Reed was not my name and never would it be. My mother was my uncle’s sister and had married what Aunt Sarah described as a vagrant, and that was all I knew. My past was withheld from me, my despicable adoptee mother the gatekeeper and she made it her mission to belittle the memory of my parents. Not that I had any memory aside from daydreams and fantasies I dared to experience whilst hiding from my cousins.
The Reeds were rich enough that their fine manor house had room for a family three times the size of what we were, but I was prescribed the smallest room in the house, the castoff clothes of my cousin Georgiana, and a list of chores a mile long. My education suffered, I did not go to school, all ignored me, and when there was need of a scapegoat, I was blamed for every mistake that happened within the confines of the house.
Compared side by side with my cousins, I was plain, undersized for my age, my skin was pale, and I always looked sickly. I had no talents to speak of and no prospects outside of the house, and I was reminded of it every day without fail.
Little Jane Doe was the runt of the litter. Useless, unwanted, despised, a blight on the house of Reed.

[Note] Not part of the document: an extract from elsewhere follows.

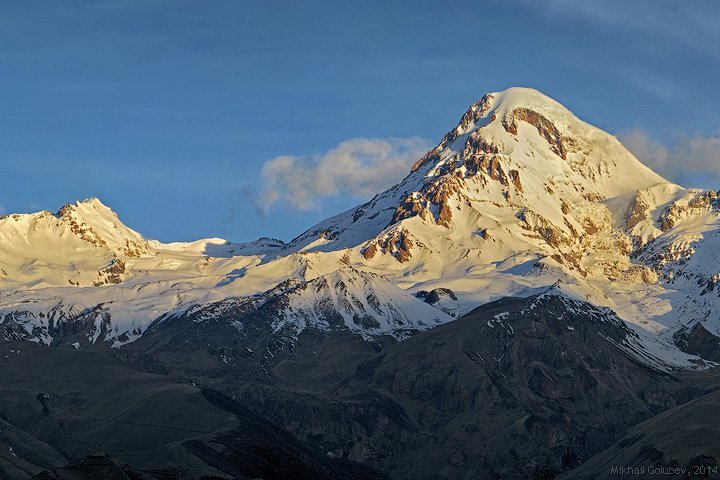 Гора Казбек с востока.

Some souls start to believe what others say they are if they’re told it often enough. Was it because their mind was weak? Or was it because the pressure of despair was so great they crumbled under the weight of it? I didn’t know. All I was certain of was my story.
And how did the tale of poor, plain, unwanted, Jane Doe end? Well, I suppose I resorted to extremes just to spite Aunt Sarah and her bully son.

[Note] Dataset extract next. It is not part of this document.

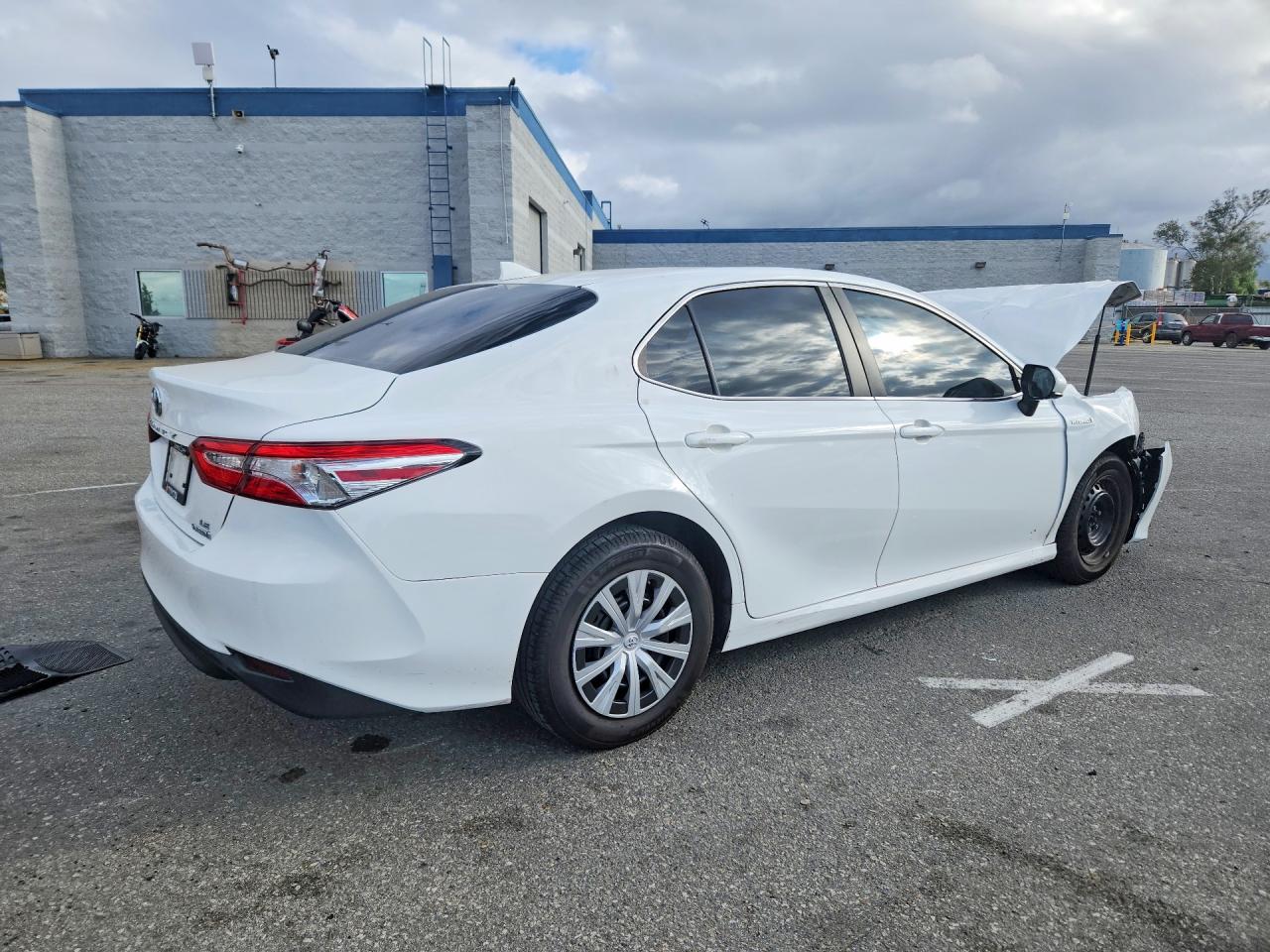 2020 Toyota Camry Le White vin: 4T1C31AK4LU542429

Simply put, I fought. Tooth and nail, hammer and tong. One day, when I was eight-years-old, I had reached my limit of pinches, slaps, and brutish thuggery John delighted in exacting upon me, and I put my plain, little fist straight into his piggy, little nose so hard it bled all over Aunt Sarah’s best rug. He ran off crying like the little squealer he was, and of course, all of it was my fault.
I was locked in a closet for three days as punishment for my misdemeanor.

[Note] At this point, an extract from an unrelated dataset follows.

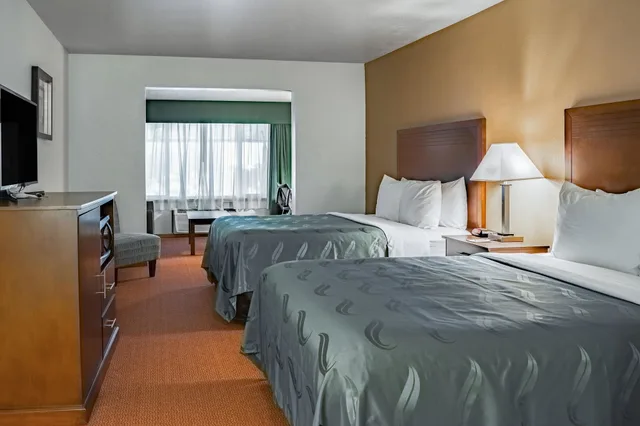 غرفة بسريرين كوين لذوي الإعاقة، Quality Inn & Suites Vancouver North 1/3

When the door finally opened, I was dragged away to yet another miserable existence. Being a eight years old, I didn’t have much choice in the matter, so off I went.
That’s how I found myself enrolled at Lowood, the school designed to teach problem children how to walk on the straight and narrow and be upstanding citizens of the world.
They took me kicking and screaming from that closet, and it was in that moment of total abandonment that I realized I was in this life alone. The love and care I’d craved all my life was not in the cards for a child such as me, so I let go of such foolish notions and embraced the harsh nature of real life. From there on out, I didn’t count on anyone but myself.
I never saw the Reeds again, and as the days passed into years and hardships came and went, I began to think less and less of them until I had little regard for their memory.
I’d been mistreated, beaten, and scorned by those who should have been family, so perhaps I had every right to rue the day my parents were taken from this world and my name was withheld from me, but I saw Lowood as a chance to make something of myself. If only I had known what trials the next ten years would contain, I might’ve run away, but I felt spirit within me. Spirit which bade me to endure, so endure I did.
Lowood was brutal, and the stench of misery had forced a callous to grow over all the softness and wonder my parents had passed on when they made me. I grew into a hardened woman, intelligent and determined yet closed and cold, and the moment I could leave that place, I did.
I imagined a world bigger than all I had experienced and believed with all my heart there was a place for a nameless woman like me. I was keen to find adventure outside of the halls of Lowood, and adventure I found.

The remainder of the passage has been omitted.